• _Information provided_:
________
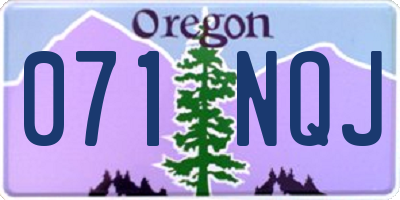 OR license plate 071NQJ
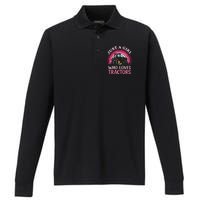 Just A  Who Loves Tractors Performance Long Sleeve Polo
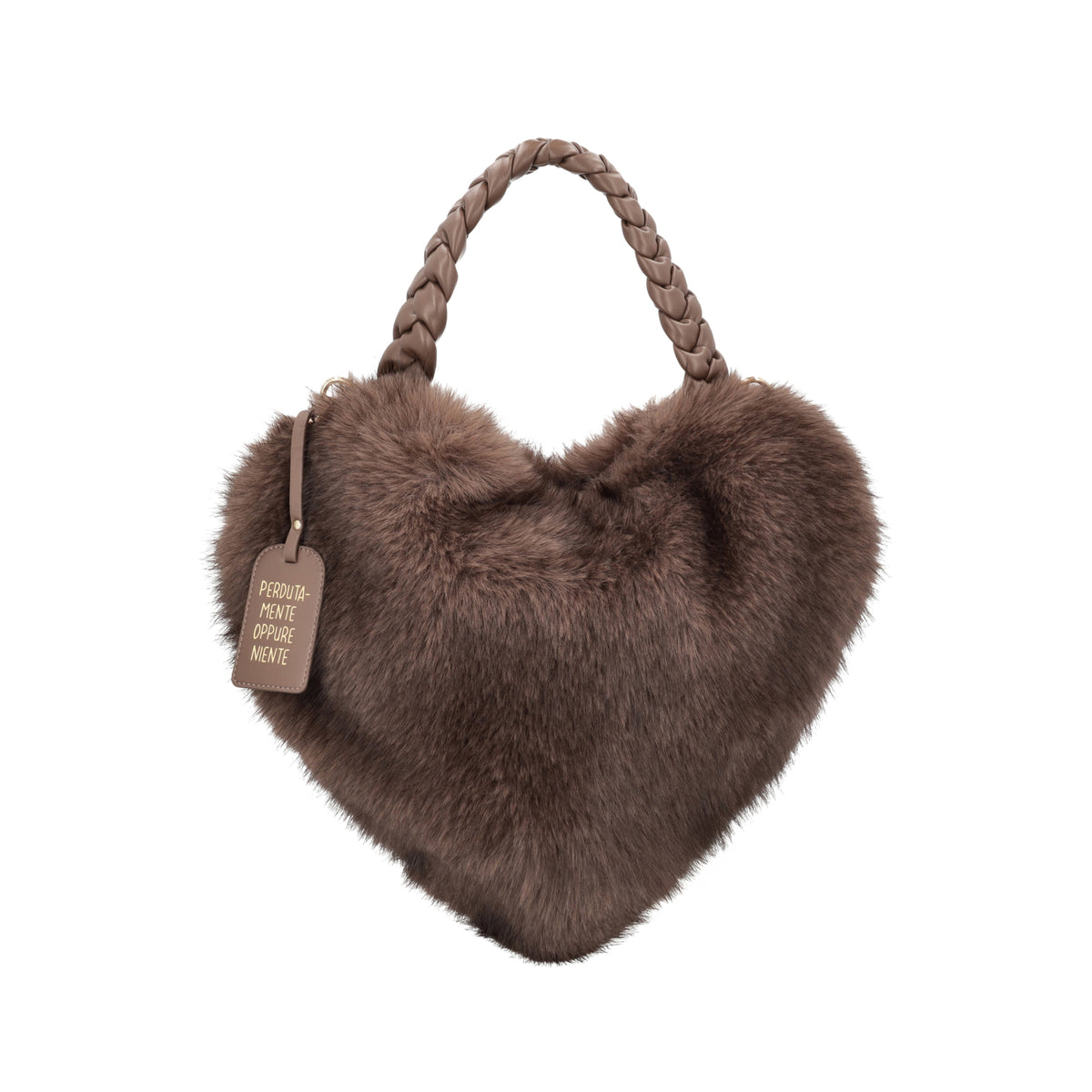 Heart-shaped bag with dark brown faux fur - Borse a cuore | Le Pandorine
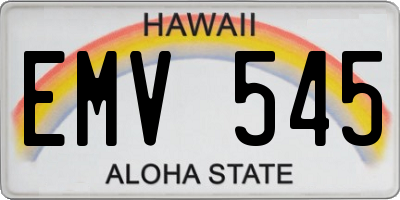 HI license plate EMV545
________
• _Try it_: The lines needed are those from the one containing "Heart-shaped bag with" through the end of the listing, given again word for word and without any picture.

• _Solution to the problem_:
 Heart-shaped bag with dark brown faux fur - Borse a cuore | Le Pandorine
 HI license plate EMV545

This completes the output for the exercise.